Por Florencia Donovan - El Banco Central (BCRA) ya enfrió el mercado de dólar y ahora tendría la vista puesta en el mercado de tasas de interés en pesos. Si bien desde la entidad hace tiempo que venían convalidando un leve encarecimiento en el costo del dinero –una manera sutil de ir enfriando la economía–, no estarían dispuestos a dejar que las tasas suban de manera abrupta. El viernes, pese a que el dólar cerró a $ 3,18, casi tres centavos por debajo del precio con el que había arrancado la semana, las tasas siguieron recalentándose. Un plazo fijo mayorista a 30 días se pagaba más del 14,5% anual, mientras que los préstamos a un día para empresas llegaban a cotizarse a tasas del 17%.
Desde el BCRA, empezarían a dar señales para frenar la encarecimiento del costo del dinero.
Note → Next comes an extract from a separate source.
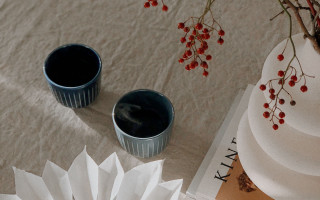 Table vase cups card flower - the table next free wallpaper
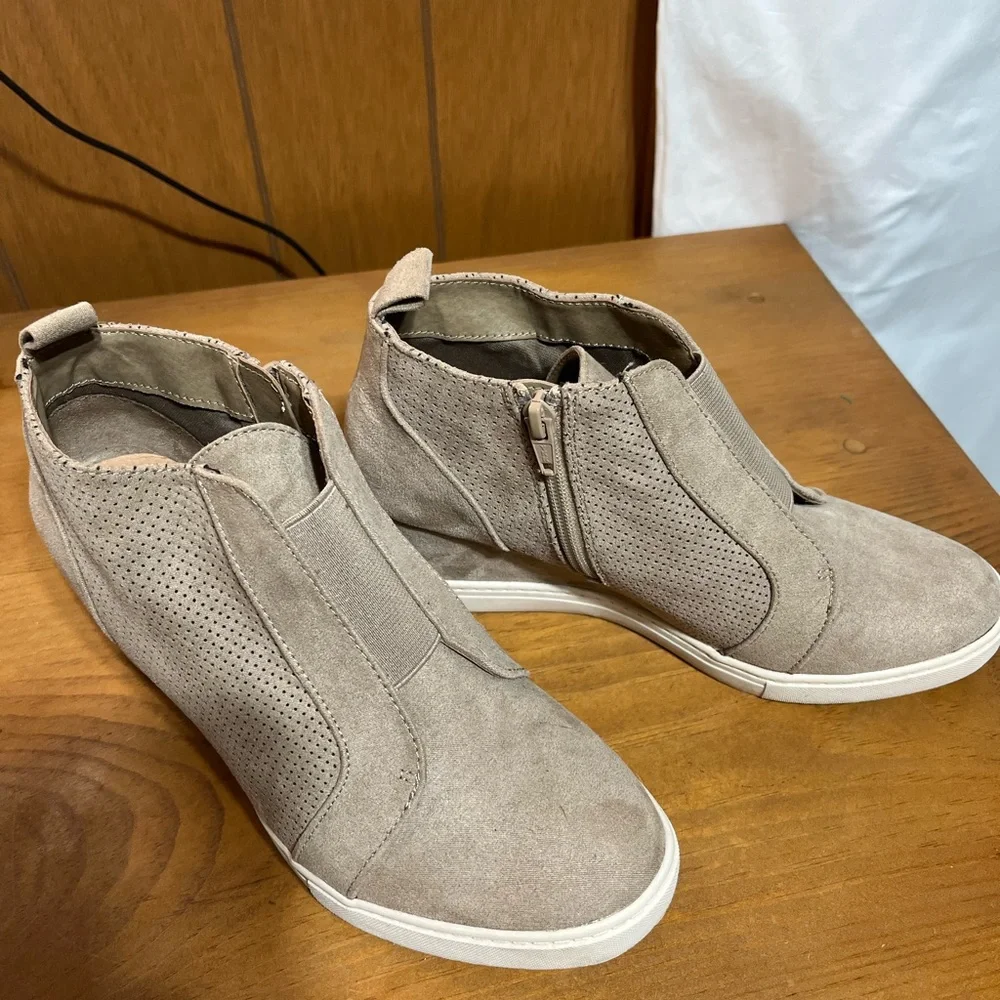a new day Women's‎ Taupe Wedge Booties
Ya la semana pasada, la entidad buscó abastecer de pesos al circuito mediante la recompra de títulos en el mercado secundario –Lebac y Nobac, además de bonos soberanos–, y habilitando nuevamente la ventanilla de pases, a través de la cual le da la posibilidad a los bancos de tomar préstamos a corto plazo contra garantía de títulos públicos. Así, el interés de los plazos fijos mayoristas podría retroceder a niveles del 12%, pero, se cree, no volvería a los valores de diciembre cuando estaba en torno al 8%.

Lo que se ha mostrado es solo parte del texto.